Asked by Anonymous at 7:20 PM on May. 1, 2009 in Tweens (9-12)

Answers (8)
  • Just talk to her and tell you will not stand for that and your daughter has to tell anythings she has told her. Most important keep a close eye on her and don't close any doors when they are in a room so you hear what is going on.
    Tell your daughter when someone tells her "not to tell" there is a good sign that she should tell because they are saying or doing something wrong.
    gammie

    Answer by gammie at 7:26 PM on May. 1, 2009

  • I'd pull my niece aside and privately ask her if it was true. Put her on the spot. If she says it is true, ask her where it was, etc. Have her see you follow through on her "claim".

    I'm guessing she will either deny having said it or break down and say it wasn't true.
    Then bring your daughter in and have your niece tell her what she just told you.

    If she denies having said it in front of your daughter, you can later point out to your daughter that your niece isn't truthful and can't be believed...including the bloody mattress and ghosts.

    If your niece is a tough-cookie and elaborates on this story and leads you on a merry goose chase, she's bound to get caught telling the lie when nothing is found. (If nothing is found....notice I'm trying to be open-minded that she may have seen something that she couldn't explain.)

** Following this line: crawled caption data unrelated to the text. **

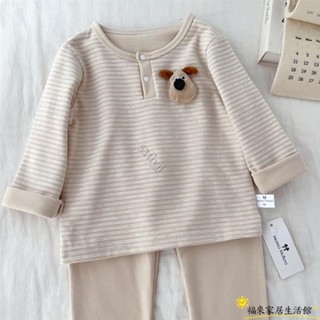 【臺灣免運】童裝 兒童套裝 兒童睡衣男女童德絨萊卡家居服套裝滿印卡通薄款長袖甜美ZW01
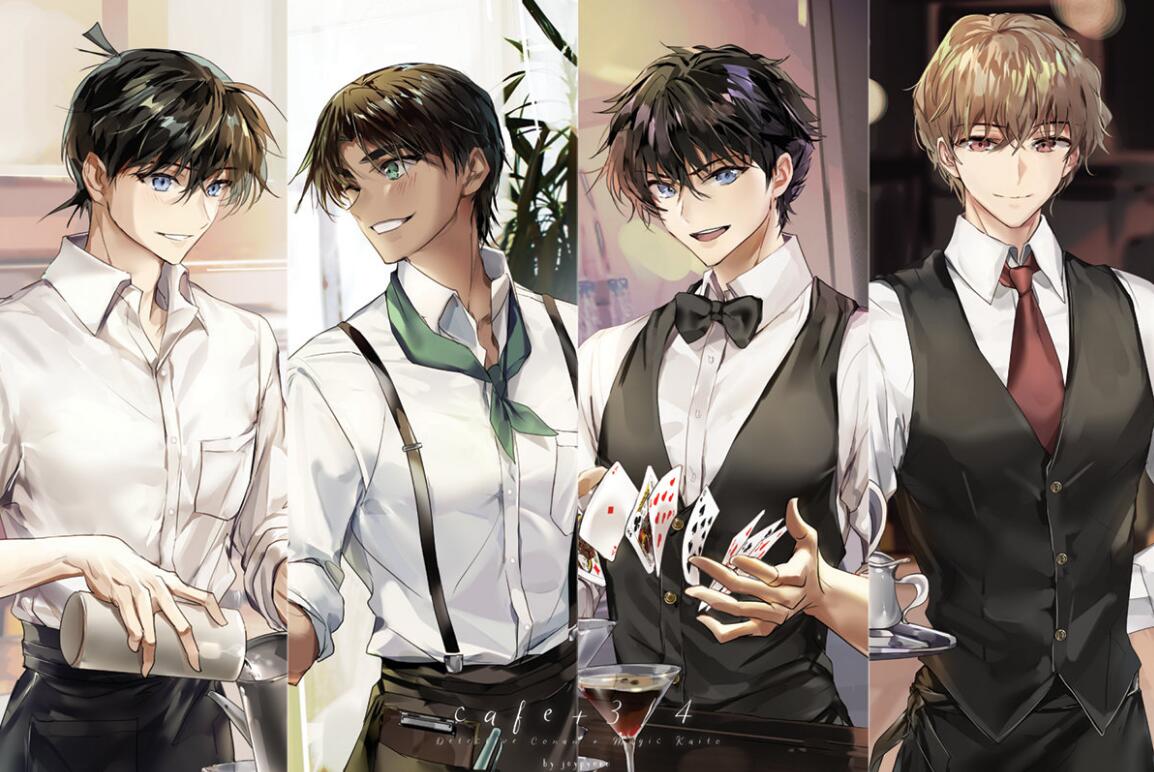 画师笔下的柯南，新一、基德等四大男神齐亮相，颜值无限接近满分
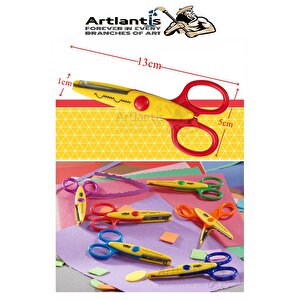 Şekilli Makas Metal Plastik Kaplamalı 3 Lü 1 Paket Desenli Tırtıklı Şekilli Kesen Makas Seti Güvenli Çocuk Okul Öncesi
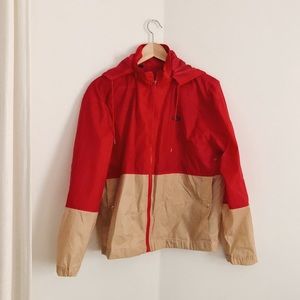 Lacoste Women's Red and Tan Utility Jacket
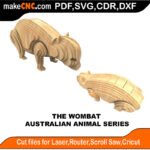 Plasma Aust Animals Wombat MakeCNC SVG DXF PDF CDR 3D puzzle pattern product image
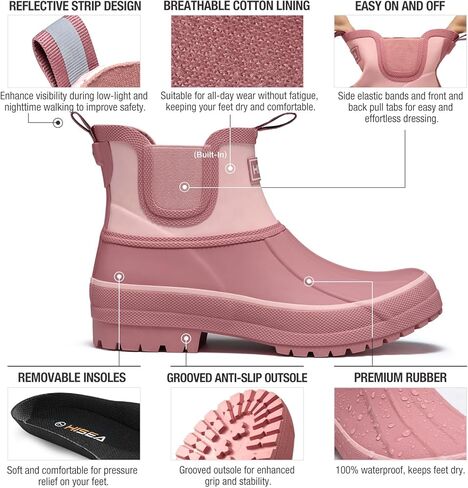 HISEA Women's Duck Chelsea Rain Boots Waterproof Short Garden Boot Outdoor Mud Boots in Saudi Arabia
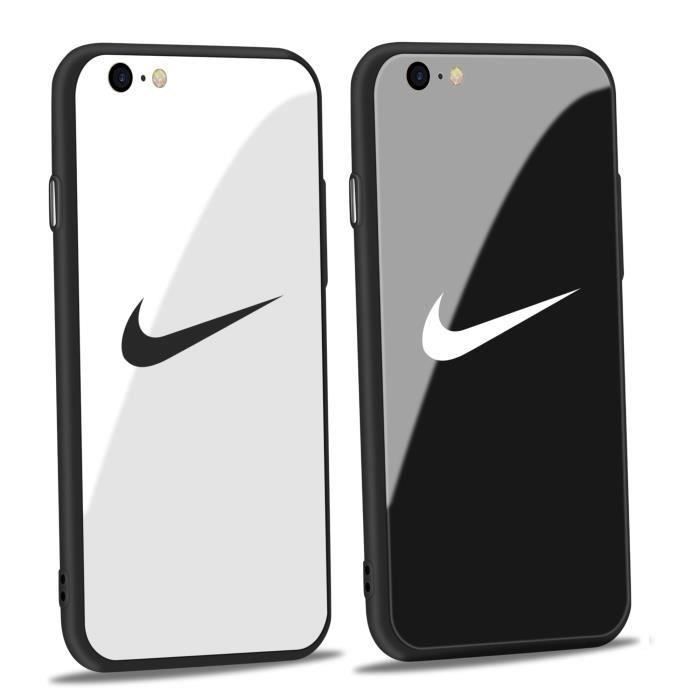 2PCS Coque iPhone 6-6s,Nike Blanc Noir Verre Coque Bumper Housse Etui pour iPhone - Téléphonie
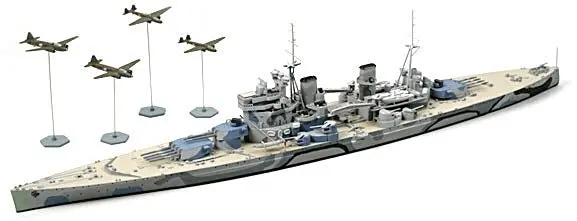 Tamiya - 1/700 British Battleship Prince Of Wales Plastic Model Kit 1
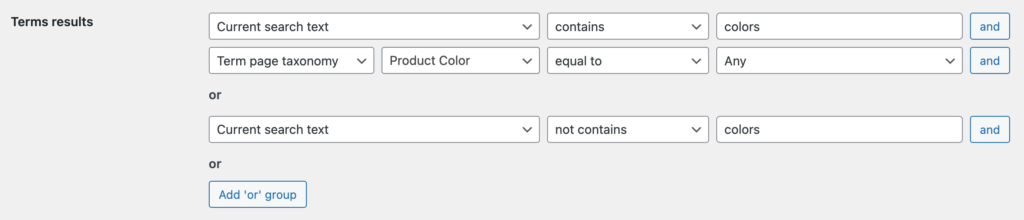 Filtering rules for the word 'Colors' inside a search query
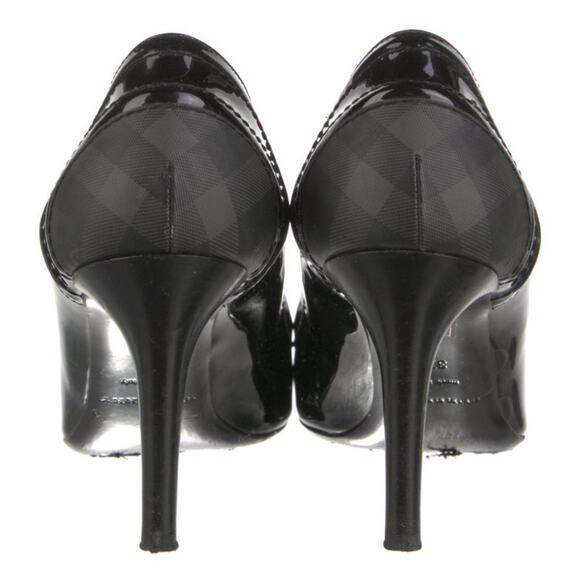 BURBERRY Black Gray Check Quilted Patent Leather Heels Pumps EU 37.5 US 7.5 - Picture 5 of 6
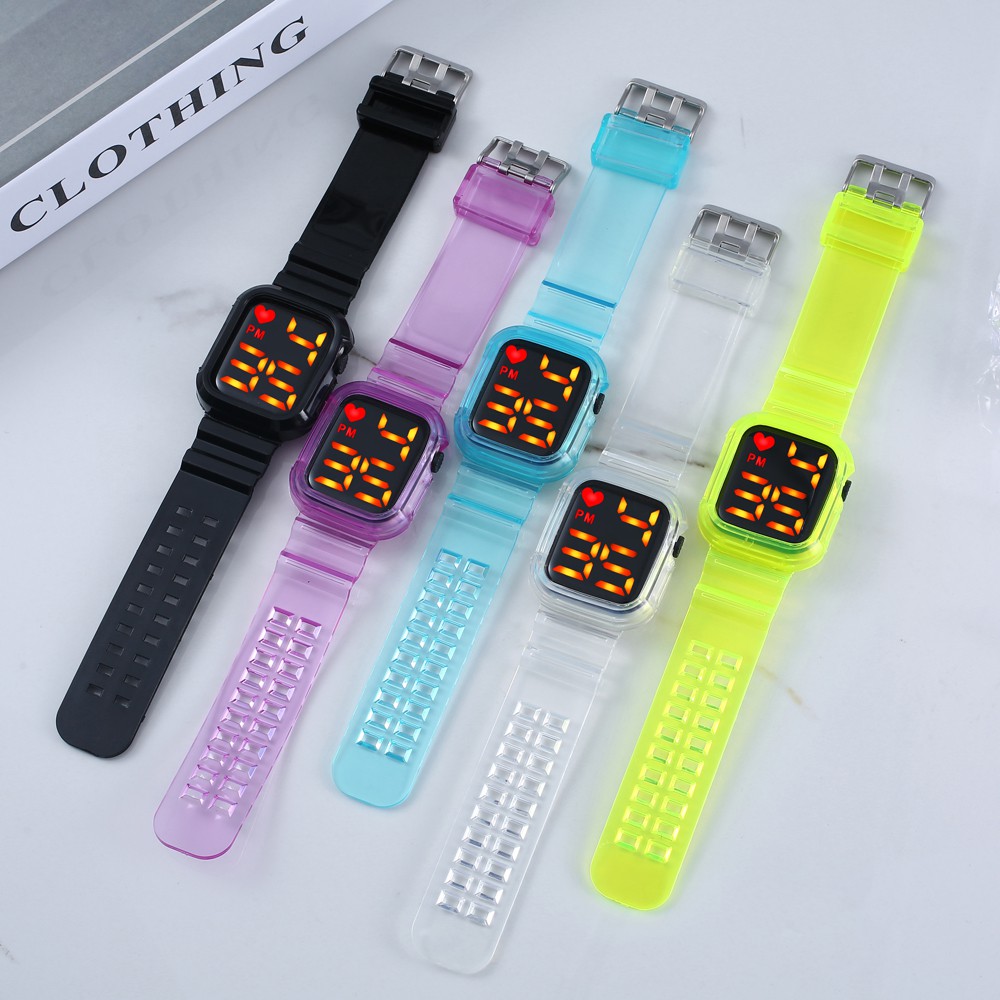 (COD)Jam Tangan Wanita Fashion Korea Style Digital Sport M127/ Jam Tangan Strap Rubber Untuk Wanita tahan air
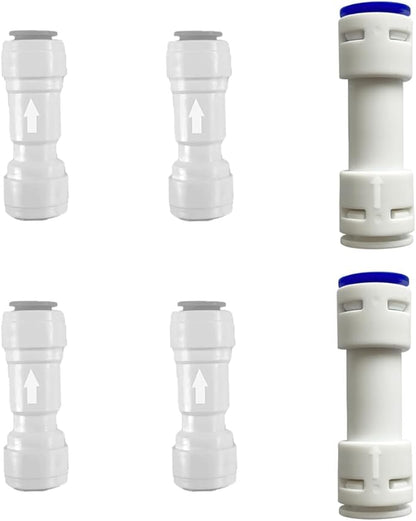 NSF 1/4" & 3/8" One Way Check Valve for Water Line 1/4" & 3/8" Reverse Osmosis Water Filter Push to Connect RO Fittings, Plastic Quick Connect Check Valve (4 pcs+2 pcs)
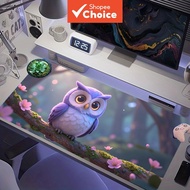 Cute 3D Purple Owl Mossy Tree Branch Pink Cherry Blossom Dreamy Forest Bokeh Extended Gaming Mouse P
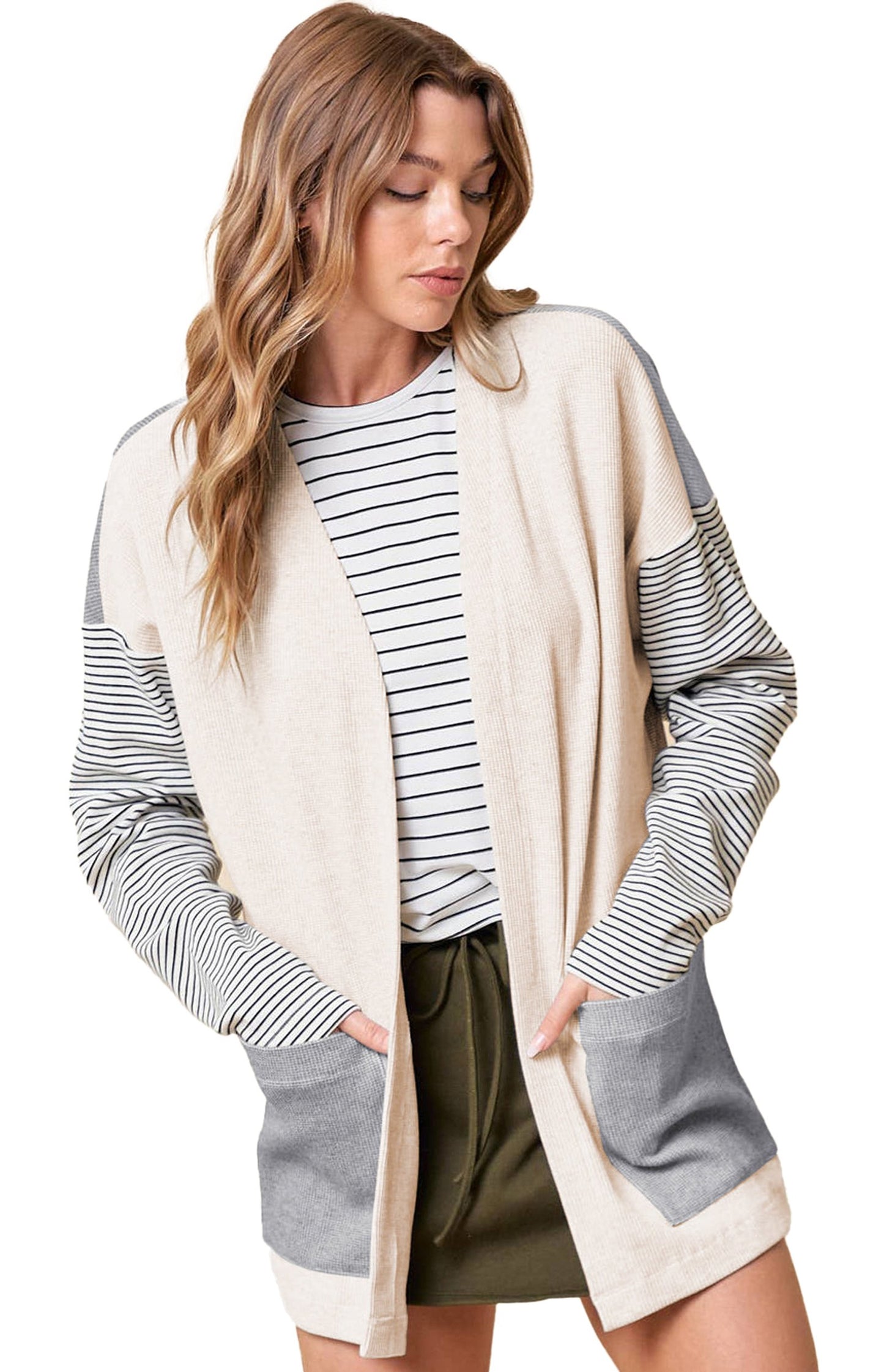 Black Stripe Colorblock Cardigan For Chic Style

    Either way, you'll get down to the truth and your daughter will see everything is okay.
    timelessglass

    Answer by timelessglass at 7:31 PM on May. 1, 2009

  • I think that she has a very vivid imagination and perhaps hasn't learned yet to differentiate reality for make believe. You mentioned that she is coming from a divorced family and has visitation, she could be doing it to grab attention or to cope with the situation, either way it s scaring your younger child and it needs to be stop. Iwould explain her to never ever ask of our child to keep a secret from you and ask her if anybody has asked that of her. Also, tell her tha you love her and are not mad at her but you will have a serious talk with her parents if she keep making up stories involving secrecy and blood which are not appropriate stories for your child's age.
    bebita

    Answer by bebita at 7:38 PM on May. 1, 2009

  • OH I forgot my daughter ran to my room 3 nights straight at about 3 am cause she was so scared.
    Anonymous

    Answer by Anonymous at 7:39 PM on May. 1, 2009

  • It sounds to me like your niece has seen a few too many horror movies that are inappropriate for her age level. I agree with everyone above. Keep an eye on your daughter and confront your niece about it. But I don't really think its bullying. I think its more teasing and she's just trying to see what she can get your daughter to believe. My cousins and I used to do this to each other all the time. Whenever we would spend a week at my grandmother's in the summer we used to torment each other...whoever kept the youngest up the longest at night won. You just gotta explain the age difference to her.
    metalhealthmama

    Answer by metalhealthmama at 8:58 PM on May. 1, 2009

  • I wouldn't call it bullyin, just your niece telling scary stories. I would sit down and have a talk with her and tell her that she cannot keep telling your daughter scary stories and if she doesn't stop, she will not be allowed to sleep over for a while.
    tyfry7496

    Answer by tyfry7496 at 11:39 PM on May. 1, 2009

  • I would definitely talk with your niece about this first and confront her on this. Telling her not to tell says she knows that it's wrong and she is being sneaky. Sounds like she could be reading mystery books or watching scary movies or something. Why don't you think your brother wouldn't handle it in anyway, like you state?
    cat4458

    Answer by cat4458 at 6:58 AM on May. 2, 2009

  • your neice probably is jelous of your daughter and is going through some problems with her family . I would not let her scare your daughter or let her talk like that to her.